[Stored data]
==================================================

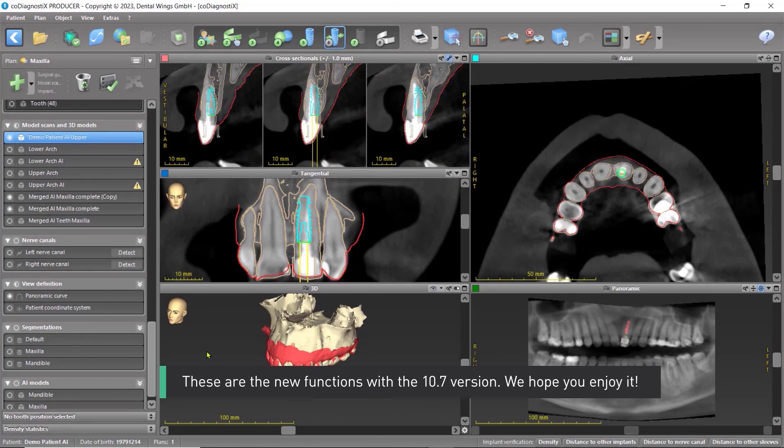These are the new functions with the 10.7 version. We hope you enjoy it.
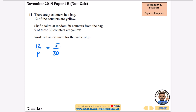You'll see why this falls into capture recapture when we look at the next example where they're actually capturing and recapturing things. For now it feels like a proportion question. We need to find p, and we can do that by multiplying p up to the other side and 30 up to the other side, giving us 12 times 30 equals 5p.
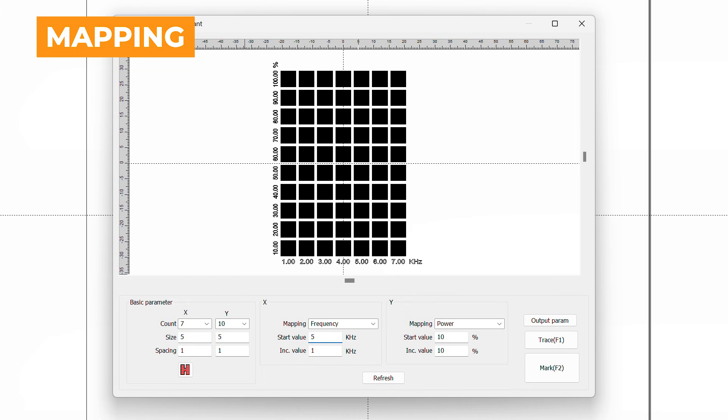Please note, if you don't have your XY count high enough, you won't ever reach 100% power. For our X-axis, we set the Start Value to 500 and Increment Value to 750, so each square's frequency increases by 750 kHz.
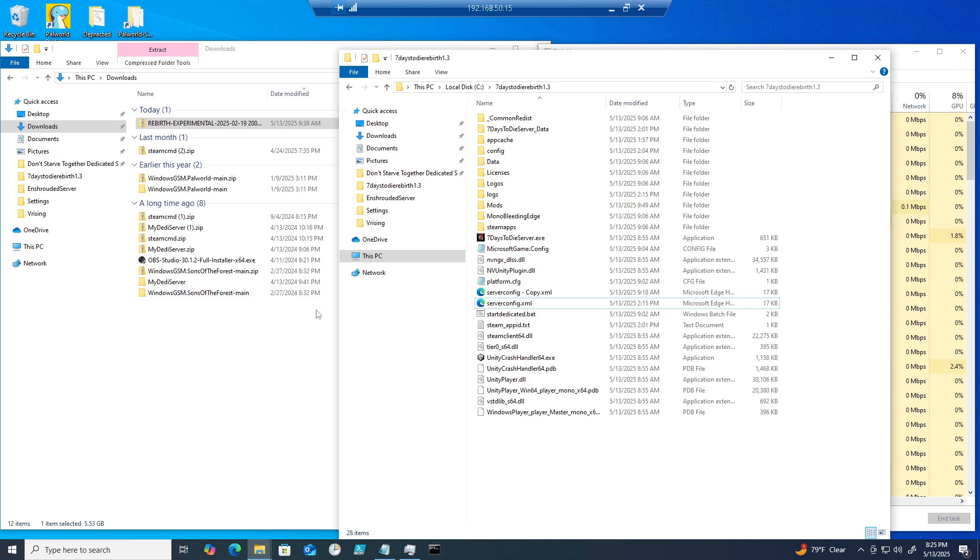These are very important ports that you will need to forward. The port ranges are 26900 through 26903, meaning you'll need to port forward 26900, 26901, 26902, and 26903.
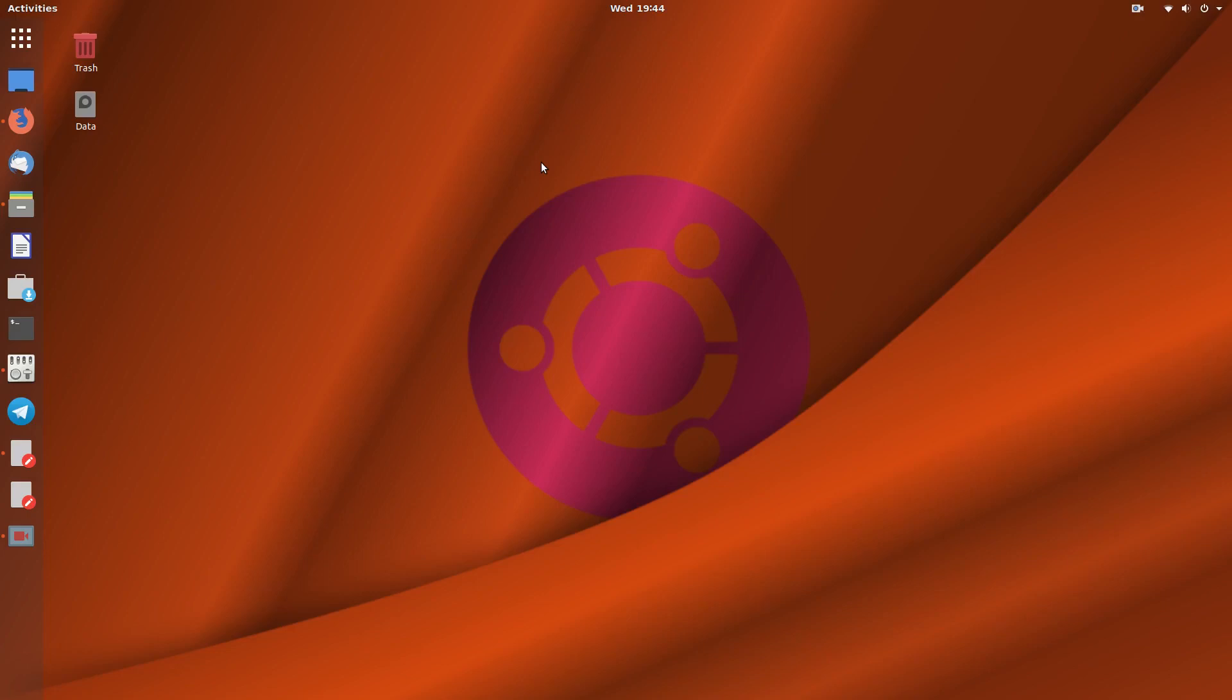G'day all, it's Colin from PCTLC and thanks for joining me. Today I'm going to add app image to the menu in Ubuntu GNOME 18.04.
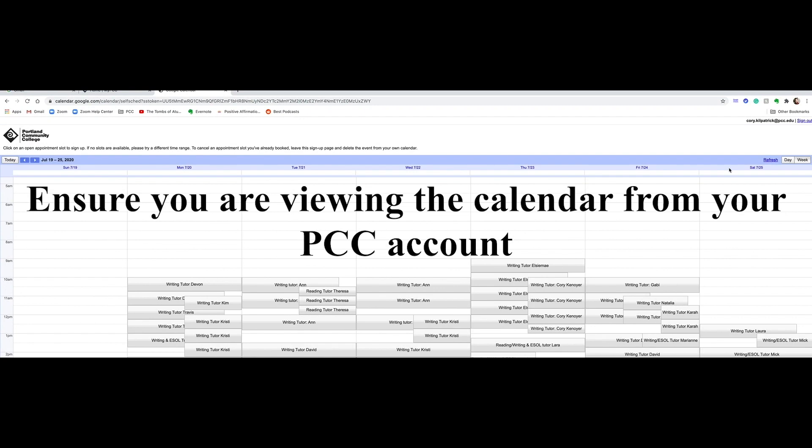Log in with your PCC account and follow the same steps. Ensure you're reviewing the calendar from your PCC account.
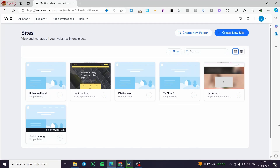How to create a booking form on Wix. Hello guys and welcome to this new tutorial. Today I'm going to show you how simple it is to create a booking form within a Wix website. All you need to do is follow this tutorial from the beginning to the end and you will be good to go.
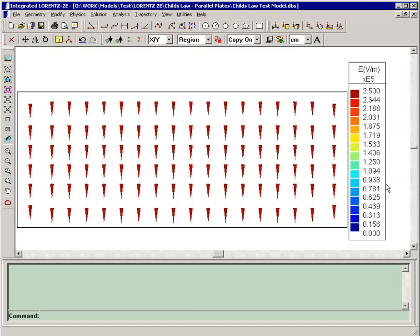The model we're looking at is a simple test and demonstration to show Lorentz's capability on Child's Law simulation. What you see is a rectangle with a uniform electric field in it.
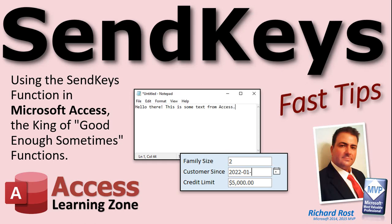Welcome to another Fast Tips video brought to you by AccessLearningZone.com. I am your instructor, Richard Rost. In today's video, we're going to talk about SendKeys. I'm going to show you how to use the SendKeys function in Microsoft Access.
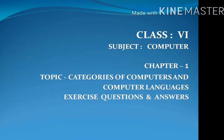Hello, my dear students. Today, I will discuss some questions and answers from Chapter 1. The topic is Categories of Computers and Computer Languages.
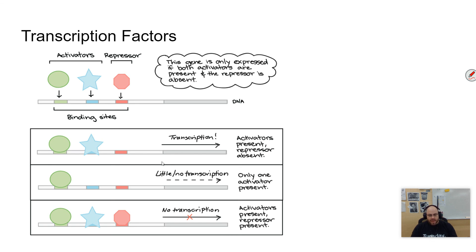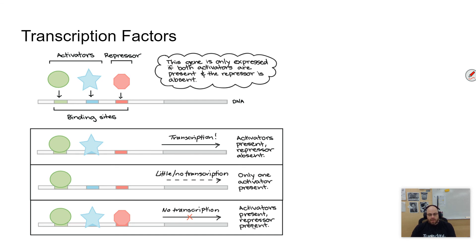Lastly, there are transcription factors — factors that inhibit or promote the process of transcription. Remember, transcription is taking the DNA and making from it a messenger RNA, which will then be translated on the ribosome. Here you can see examples of transcription factors: activators, which start something, and repressors, which stop something. The combination of two activators results in lots of transcription happening. Just one activator gives some transcription, but not as much. When a repressor is present along with the activators, it says no transcription. So there can be multiple factors that can slow, speed up, or completely stop the process of transcription.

==================================================

All the data above is to be transcribed exactly, with no pictures included.

**Solution to this problem:**
These are the new functions with the 10.7 version. We hope you enjoy it.
You'll see why this falls into capture recapture when we look at the next example where they're actually capturing and recapturing things. For now it feels like a proportion question. We need to find p, and we can do that by multiplying p up to the other side and 30 up to the other side, giving us 12 times 30 equals 5p.
Please note, if you don't have your XY count high enough, you won't ever reach 100% power. For our X-axis, we set the Start Value to 500 and Increment Value to 750, so each square's frequency increases by 750 kHz.
These are very important ports that you will need to forward. The port ranges are 26900 through 26903, meaning you'll need to port forward 26900, 26901, 26902, and 26903.
G'day all, it's Colin from PCTLC and thanks for joining me. Today I'm going to add app image to the menu in Ubuntu GNOME 18.04.
Log in with your PCC account and follow the same steps. Ensure you're reviewing the calendar from your PCC account.
How to create a booking form on Wix. Hello guys and welcome to this new tutorial. Today I'm going to show you how simple it is to create a booking form within a Wix website. All you need to do is follow this tutorial from the beginning to the end and you will be good to go.
The model we're looking at is a simple test and demonstration to show Lorentz's capability on Child's Law simulation. What you see is a rectangle with a uniform electric field in it.
Welcome to another Fast Tips video brought to you by AccessLearningZone.com. I am your instructor, Richard Rost. In today's video, we're going to talk about SendKeys. I'm going to show you how to use the SendKeys function in Microsoft Access.
Hello, my dear students. Today, I will discuss some questions and answers from Chapter 1. The topic is Categories of Computers and Computer Languages.
Lastly, there are transcription factors — factors that inhibit or promote the process of transcription. Remember, transcription is taking the DNA and making from it a messenger RNA, which will then be translated on the ribosome. Here you can see examples of transcription factors: activators, which start something, and repressors, which stop something. The combination of two activators results in lots of transcription happening. Just one activator gives some transcription, but not as much. When a repressor is present along with the activators, it says no transcription. So there can be multiple factors that can slow, speed up, or completely stop the process of transcription.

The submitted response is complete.